You would select the matrix from an array of all matrices you intend to use.

This is pretty standard stuff in high-performance rendering. You change a single index value per-object, which is used by the shader to fetch that object’s per-object data from buffers. It can also be used to fetch textures from array textures or arrays of samplers.

The InstanceIndex is a popular choice; you can set the base instance for each draw command in a multidraw indirect command. Or rather, it would have been in OpenGL if gl_InstanceID worked (in OpenGL, it doesn’t include the base instance). Fortunately, Vulkan’s InstanceIndex does work for this.

I’m using VkUpdateDescriptorSets to update the texture descriptor set with the object’s texture, right before each object is drawn.

OK, Vulkan is very well designed for performance.
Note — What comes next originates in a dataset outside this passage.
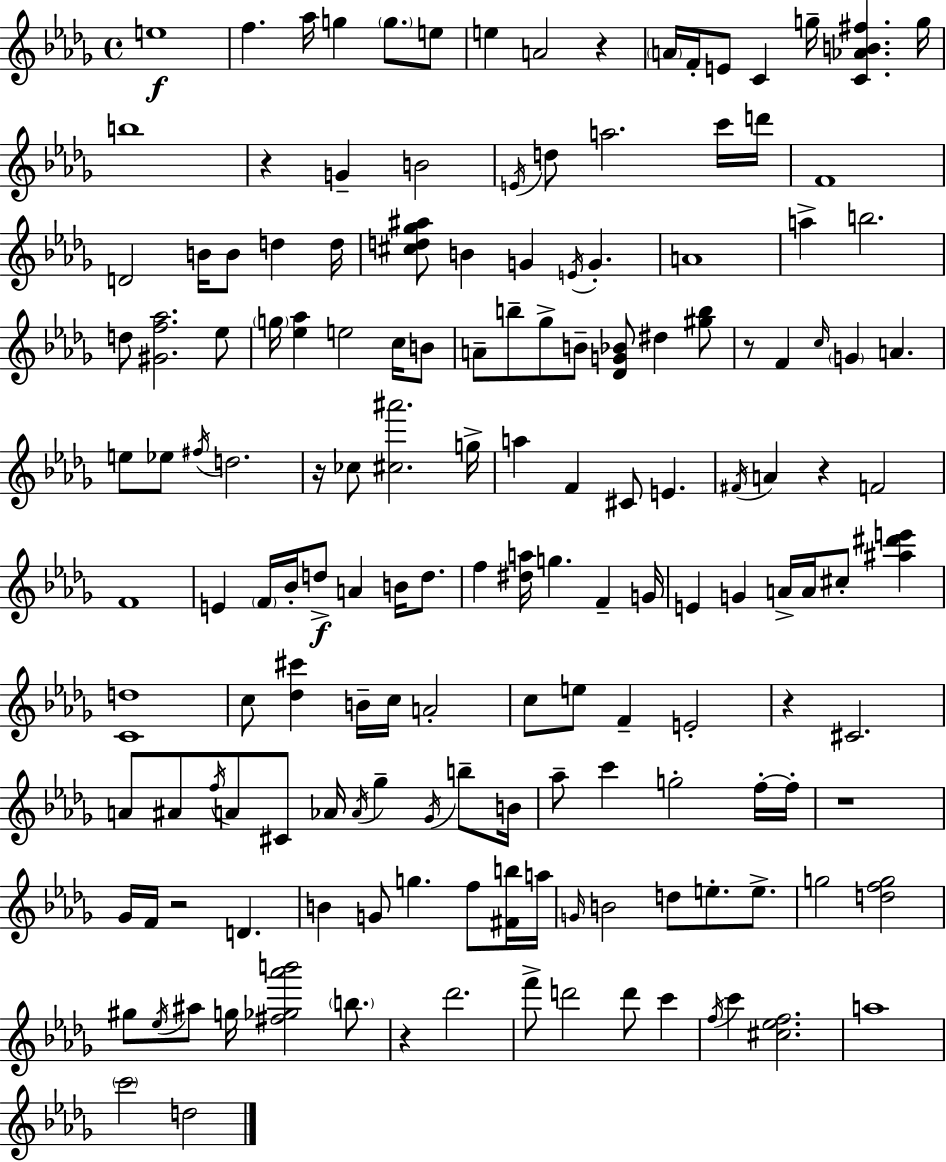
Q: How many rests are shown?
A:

That is, the API makes it abundantly clear when you are about to do something that is not good for performance. Just look at the renderpass stuff; does it seem to you like it’s reasonably fast to change renderpasses frequently? Of course not; it’s harder to change renderpasses (requiring lots of pipelines, since they’re all linked to the renderpass) than it is to change subpasses.
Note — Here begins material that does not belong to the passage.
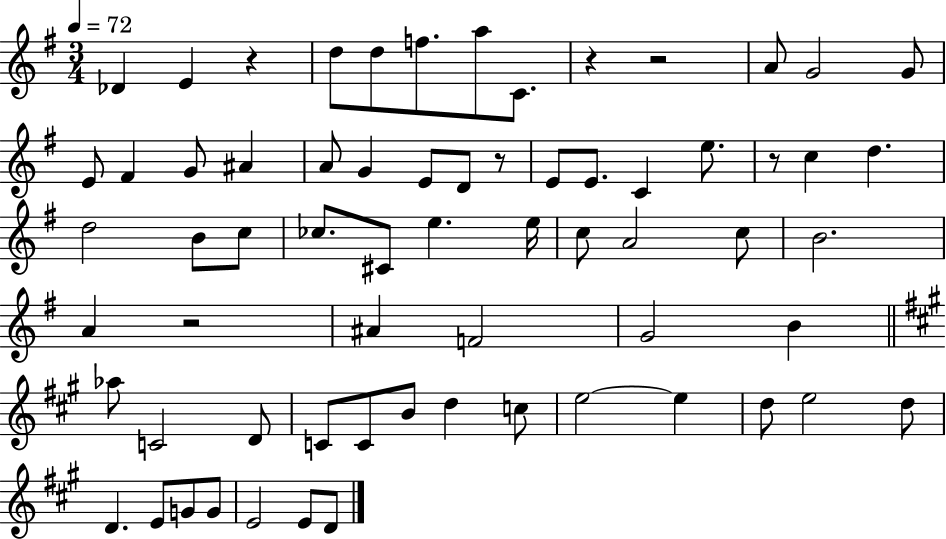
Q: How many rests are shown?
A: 6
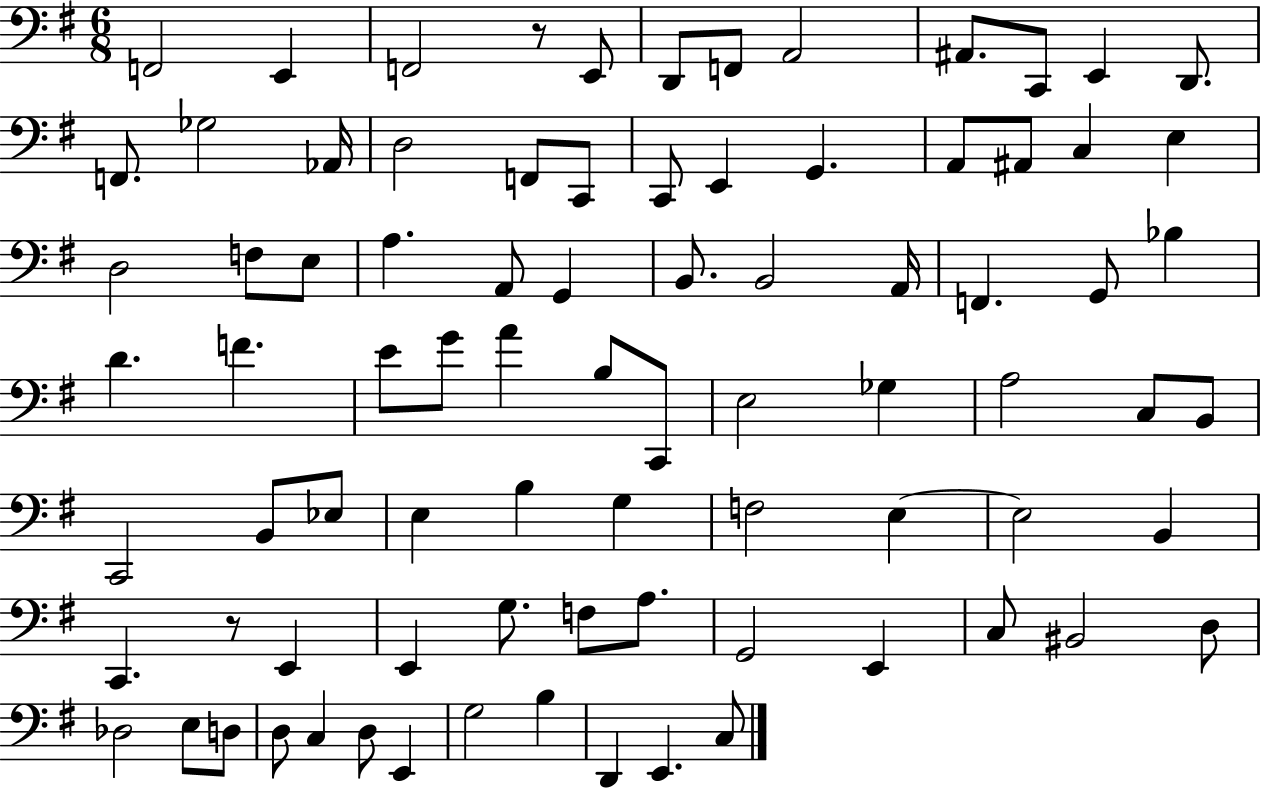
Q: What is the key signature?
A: G major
Subpasses are cheap; renderpasses are expensive.

Similarly, which will probably take more time: VkUpdateDescriptorSets which changes the entire descriptor set, or using a push-constant, which the shader uses to select which texture to sample from, thus allowing you to have a single descriptor set which remains static across multiple rendering calls?

OpenGL makes the former (binding a texture) simpler and easier to use than the latter. But the latter is almost certainly faster. Vulkan makes it clear which is the better choice for performance.

You seem familiar with standard OpenGL-style development. You should take some time to look at the AZDO presentation, which effectively lays out how Vulkan-style development and structure ought to be done (by using OpenGL features to emulate it).

You should not attempt to code Vulkan applications the way you would OpenGL applications. Vulkan exists for performance; if you’re not willing to do things the fast way, you shouldn’t be using it at all.

I can’t use method 2b, since I can’t store images in a sequential buffer.

You don’t need to store them in a sequential buffer. You store them in an array of images. They all get one binding location, and your descriptor layout would contain an array of images for that location.

Alfonse_Reinheart · March 5, 2016, 8:56am

[QUOTE=Alfonse Reinheart;39902]Similarly, which will probably take more time: VkUpdateDescriptorSets which changes the entire descriptor set, or using a push-constant, which the shader uses to select which texture to sample from, thus allowing you to have a single descriptor set which remains static across multiple rendering calls?

OpenGL makes the former (binding a texture) simpler and easier to use than the latter. But the latter is almost certainly faster. Vulkan makes it clear which is the better choice for performance.[/quote]

FYI: if you can’t do that (due to lack of resources in the hardware. That is, it doesn’t let you make arrays big enough), then at least stop updating the descriptor sets. Give each object (or group of objects) its own set and switch between them.

Dynamically changing the contents of a descriptor set is not something you should frequently be doing.